Negli incontri a FORUM PA 2022 (trovate qui la registrazione di un interessante talk sul tema) sono poi emersi altri aspetti di grande interesse che oggi, nella situazione in cui siamo, appaiono ancor più necessari. Tra questi la costante attenzione a lavorare per grandi missioni strategiche, ad esempio la riduzione delle emissioni o la mitigazione delle disuguaglianze, ponendosi obiettivi efficacemente misurabili, perché il bene pubblico non può essere uno slogan, ma deve essere verificato e misurato dai cittadini in un processo di reale e comprensibile accountability.
Un altro aspetto fondamentale è la dimensione almeno europea in cui si deve muovere il management pubblico: chiunque ragionasse ancora in termini esclusivamente nazionali o, peggio, nei ristretti confini di una regione sarebbe inesorabilmente inadeguato ad interpretare il presente e progettare il futuro.
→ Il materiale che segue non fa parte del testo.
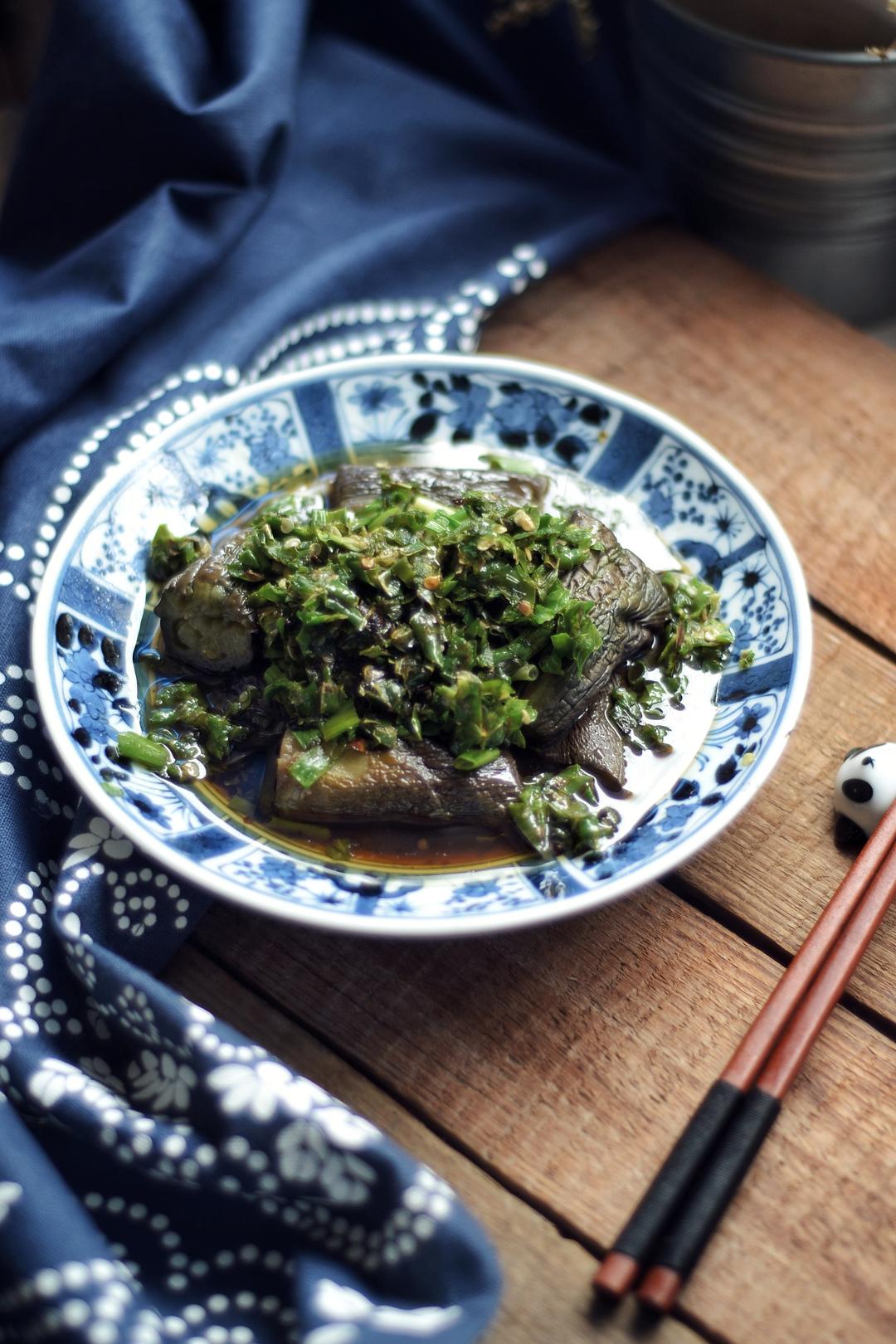 烧椒拌茄子（超下饭）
Infine, è essenziale insistere ancora sulla flessibilità necessaria che permetta al manager pubblico di riconfigurare le organizzazioni, utilizzando sino in fondo l’autonomia organizzativa garantita dalla legge, adattandole alle situazioni anche improvvise e inaspettate che si verificheranno. Il management apicale pubblico costituisce esso stesso una di quelle infrastrutture immateriali del Paese che fanno e faranno la differenza. È una cosa che riguarda tutti noi come cittadini e su cui abbiamo il diritto e il dovere di vigilare.
[1] 484 miliardi sono la somma tra 38,6 mld per la chiusura della coesione 2014-2020; 43,5 mld del fondo sviluppo e coesione (FSC) 2014-2020; 82,2 mld della nuova coesione 2021-2027; 11,59 mld FEASR e FEAMPA 2021-2027; 73,5 mld del FSC 2021-2027; 235,1 mld del PNRR + Fondo complementare.